По ту сторону костра - Страница 25
— Когда сошли, так стояли на правой обочине. Я тоже вышел. Закурили. Спросил я еще, куда, мол, глухарей бить пойдете? Сашка посмеялся: мол, место выведать хочешь. Вы же его знаете, одно слово — Лисий Хвост. У него никогда не поймешь, то ли шутит, то ли всерьез говорит.
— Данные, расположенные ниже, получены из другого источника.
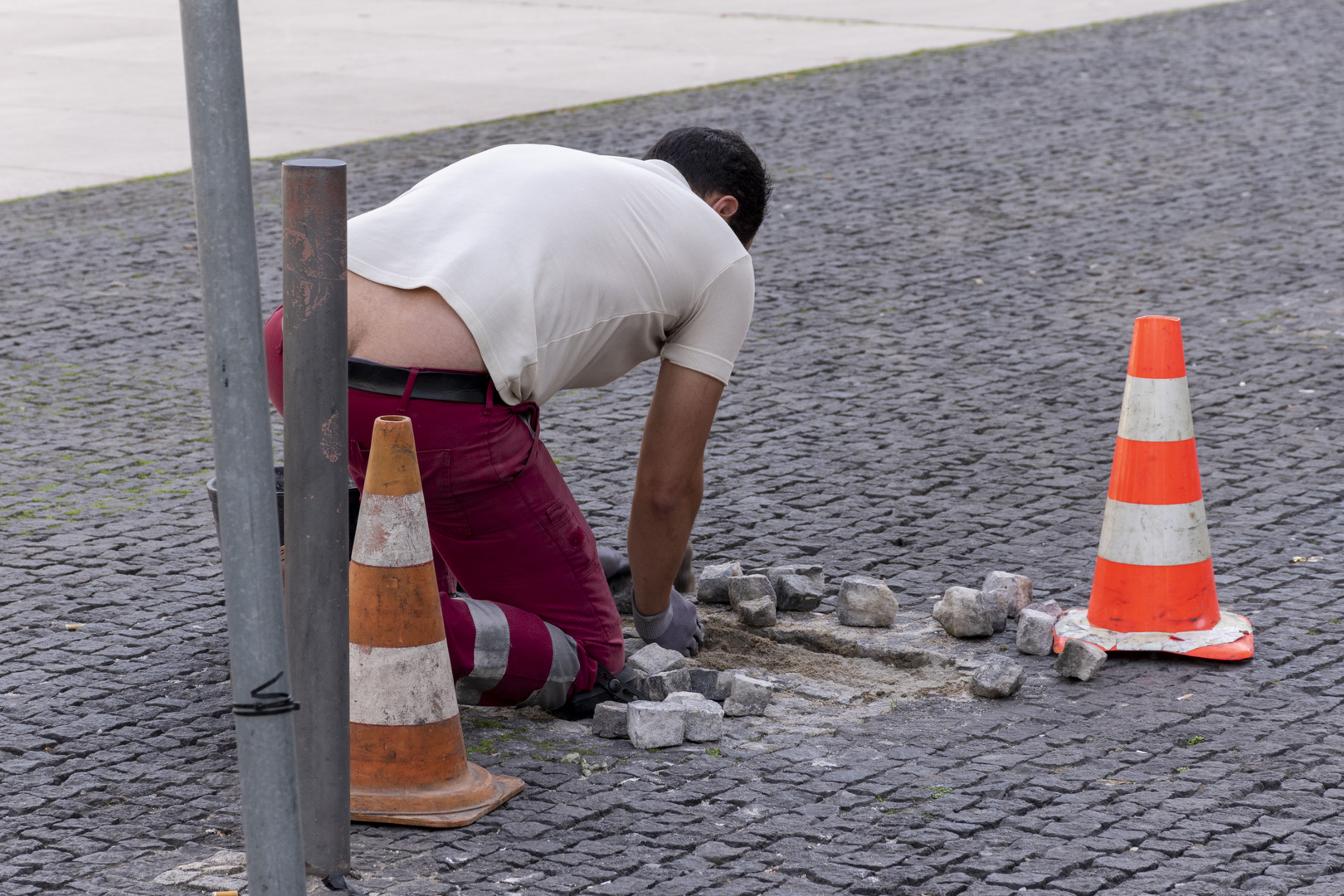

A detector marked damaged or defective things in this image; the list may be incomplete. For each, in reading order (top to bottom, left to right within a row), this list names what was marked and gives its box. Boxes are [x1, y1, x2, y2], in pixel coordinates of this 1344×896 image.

rusty metal post [176, 2, 304, 896]
rusty metal post [282, 158, 352, 875]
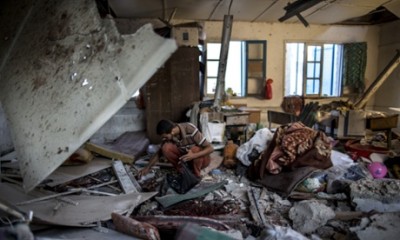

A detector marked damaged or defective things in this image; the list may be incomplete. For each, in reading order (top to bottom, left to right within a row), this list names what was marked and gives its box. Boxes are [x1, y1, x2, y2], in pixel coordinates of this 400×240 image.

broken window [206, 40, 266, 97]
broken window [284, 42, 344, 97]
damaged wall [374, 19, 400, 124]
broken wood plank [111, 160, 138, 194]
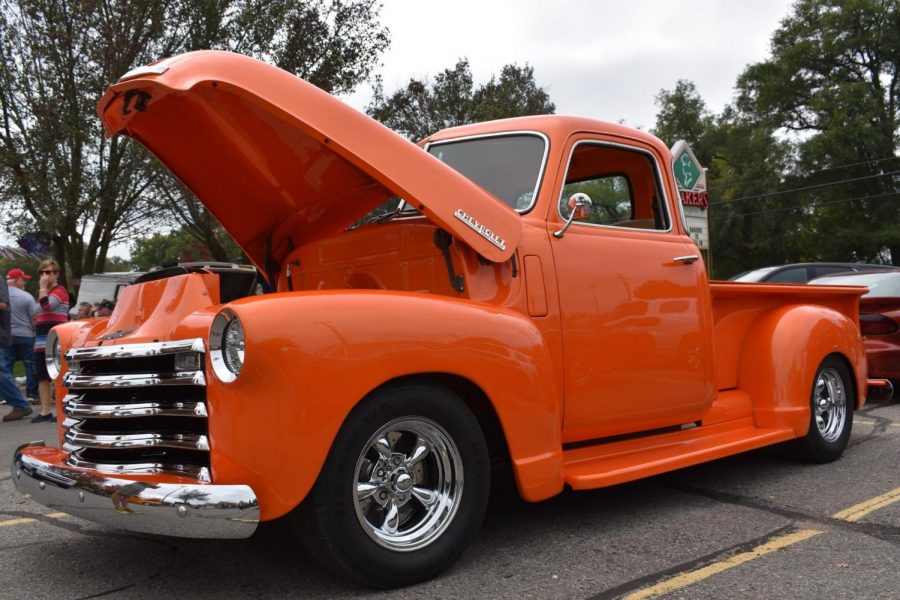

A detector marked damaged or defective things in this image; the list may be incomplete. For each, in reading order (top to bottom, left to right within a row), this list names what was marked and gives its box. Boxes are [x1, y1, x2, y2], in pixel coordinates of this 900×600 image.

crack in pavement [660, 480, 900, 548]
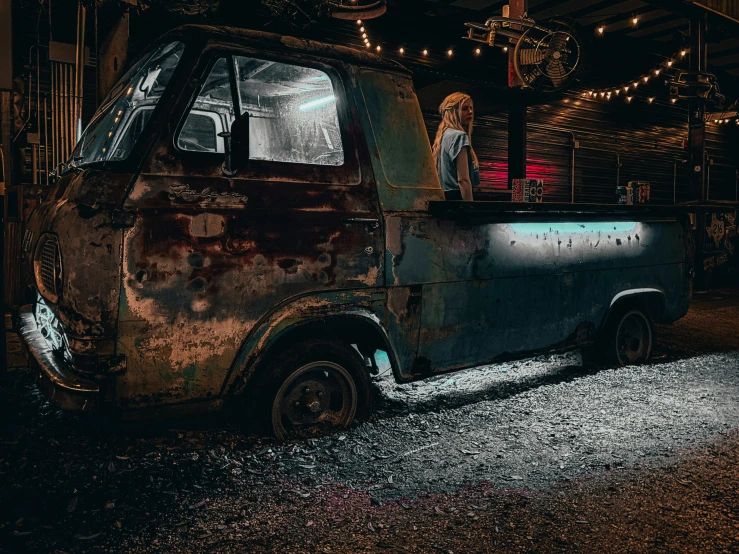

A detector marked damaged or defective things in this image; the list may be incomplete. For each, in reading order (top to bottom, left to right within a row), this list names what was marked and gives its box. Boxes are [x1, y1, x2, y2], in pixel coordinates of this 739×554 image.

rusty old truck [17, 25, 692, 438]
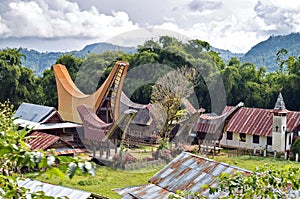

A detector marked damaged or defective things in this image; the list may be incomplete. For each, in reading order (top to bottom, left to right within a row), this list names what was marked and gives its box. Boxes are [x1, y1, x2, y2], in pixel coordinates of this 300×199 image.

rusty metal roof sheet [223, 106, 300, 136]
rusty metal roof sheet [118, 152, 250, 198]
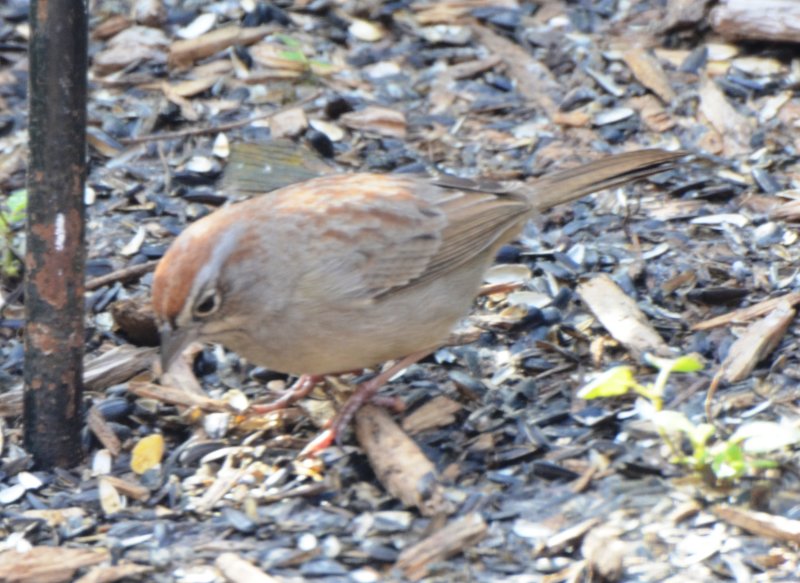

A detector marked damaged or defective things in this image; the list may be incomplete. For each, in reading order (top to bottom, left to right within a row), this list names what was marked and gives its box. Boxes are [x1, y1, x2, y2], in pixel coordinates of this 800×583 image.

rusty metal post [25, 0, 88, 468]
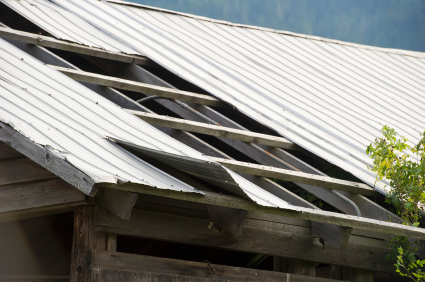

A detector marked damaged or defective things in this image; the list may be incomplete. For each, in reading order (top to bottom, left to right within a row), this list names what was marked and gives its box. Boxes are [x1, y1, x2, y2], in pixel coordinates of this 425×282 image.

— Погоди, погоди, Потапов…
— Гожу, начальник.
— Что ж, пьян, по-твоему, паромщик?
— Назарыч-то?
— Назарыч.
— Не принюхивался.
— Чего ж не веришь?
— Быть того не может, Пионер Георгиевич.
— Почему это Назарычу нельзя верить?
— Да говорю же я — не может быть, чтоб Сашка куда-то один удрал. Ну, если и удрал, так где Трофим? Он бы пришел на дорогу. Ведь условились… Часы у Лазарева сломались? Ерунда получается.
— Может, и сломались. Шофер рассмеялся:
— За час, пока ждал их, я все передумал. Либо уехали, либо задержались. А вернее верного — спят, поди, давно в своих постелях. Тайгу вы лучше меня знаете, товарищ старший лейтенант. Тут уговор дороже денег.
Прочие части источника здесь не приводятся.